Today is an extraordinary day. Millions marched not only in Paris but all around the world, and there were Christians and Jews and Muslims, leaders of countries all over the world, they didn't march in protest, they marched in support of the idea that we will not walk in fear. Je suis Charlie.

So! What's Amal Clooney working on these days? Would you believe representing Armenia in an attempt to uphold the Swiss prosecution of a visiting Turkish politician for the crime of denying that Turkey committed genocide against Armenians a century ago?

Dogu Perincek was found guilty by a Swiss court in 2008 of denying, during a visit to Switzerland, that the genocide ever took place.

Mr Perincek, from the Left-wing Turkish Workers' Party, called the genocide "an international lie" and was fined by the court in Switzerland.

He appealed to the European Court of Human Rights in Strasbourg, which ruled in Dec 2013 that Switzerland had violated his right to free expression.

That appeal is now being challenged by Armenia, with the case to be heard by the Strasbourg court's 17-member Grand Chamber. The first hearing has been scheduled for Jan 28.

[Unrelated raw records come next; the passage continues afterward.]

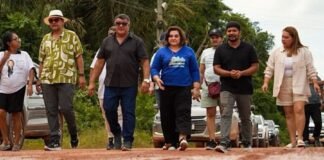 Em passagem por Iranduba, Professora Maria do Carmo mostra precariedade do ramal do Janauari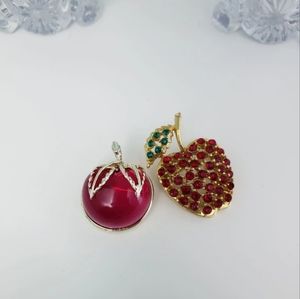 Sarah Coventry Vintage Goldtone Apple Pin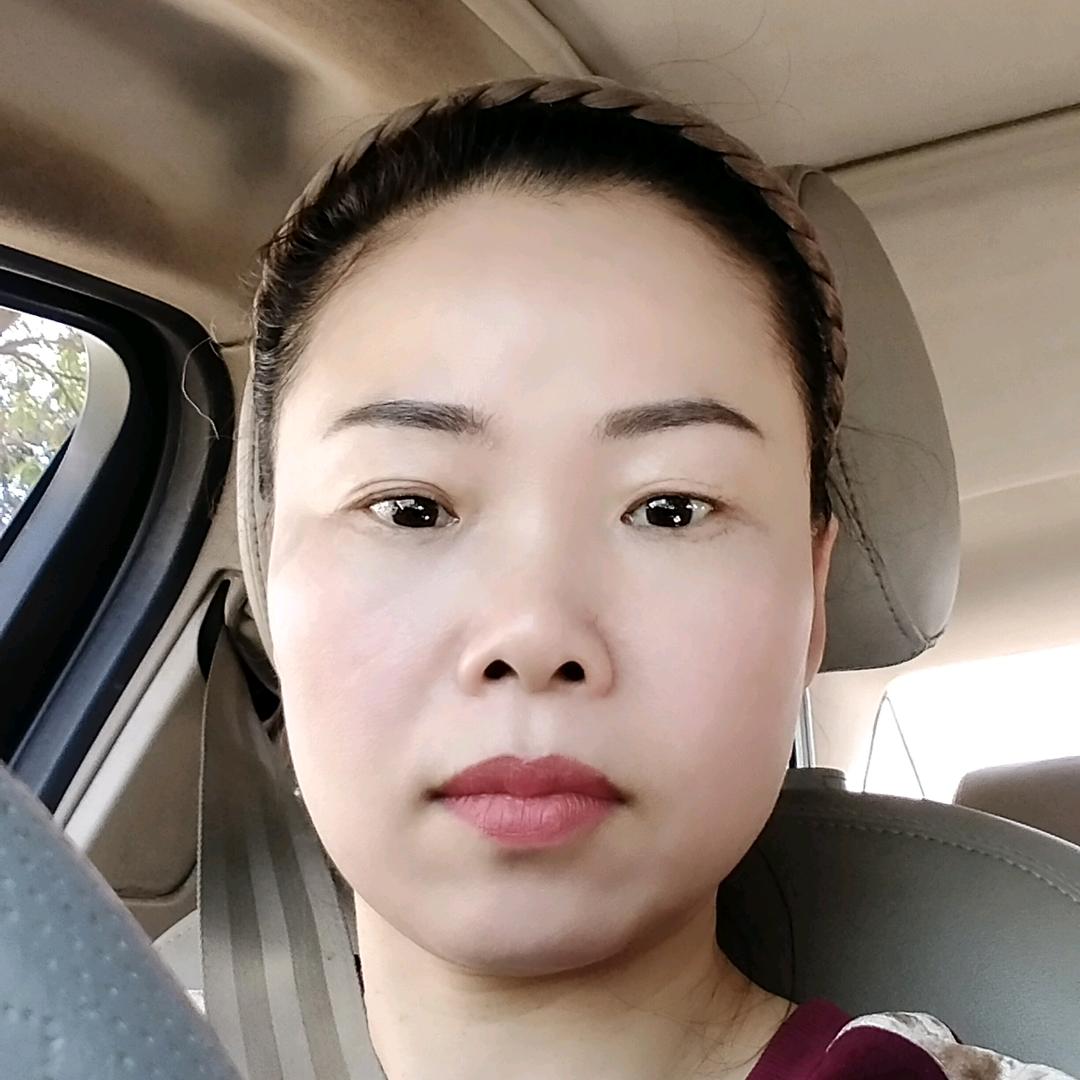 玉红箱包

The Armenians argue that denying the genocide should be a crime, just as negating the Holocaust of six million Jews is a punishable offence in many countries.

Expressing your disbelief of a historical event should not be a crime in any country, under any circumstance. (And lest my Armenian friends accuse me of going soft on Johnny Turkey, click here.) Assisting such a prosecution makes a mockery of the phrase "human rights lawyer," as free speech is a bedrock human right. The sad fact is, as Jacob Sullum has explained here recently (and will again in a great column tomorrow morning), many of the countries singing Je suis Charlie loudest of all, including France itself, have terribly illiberal laws governing what people can't say.

Just this Monday the Paris prosecutor's office opened up an investigation into the provocative French political comedian Dieudonné, most famous for popularizing a hand-arm gesture designed to look like the (illegal) Nazi salute, because Dieudonné wrote on his Facebook page "As far as I am concerned, I feel I am Charlie Coulibaly"—mashing together the names Charlie Hebdo and the kosher supermarket paper's assassin, Amedy Coulibaly. Dieudonné may be a jackass and an anti-Semite (many French people I know certainly seem to think so), but those traits should not be criminal in a free society.

Marching and speaking and sharing and even hash-tagging can be beautiful acts of solidarity in certain moments. But the real work of building free-speech law and culture is very hard. France and Europe have a long way to go; Lord knows we do, too.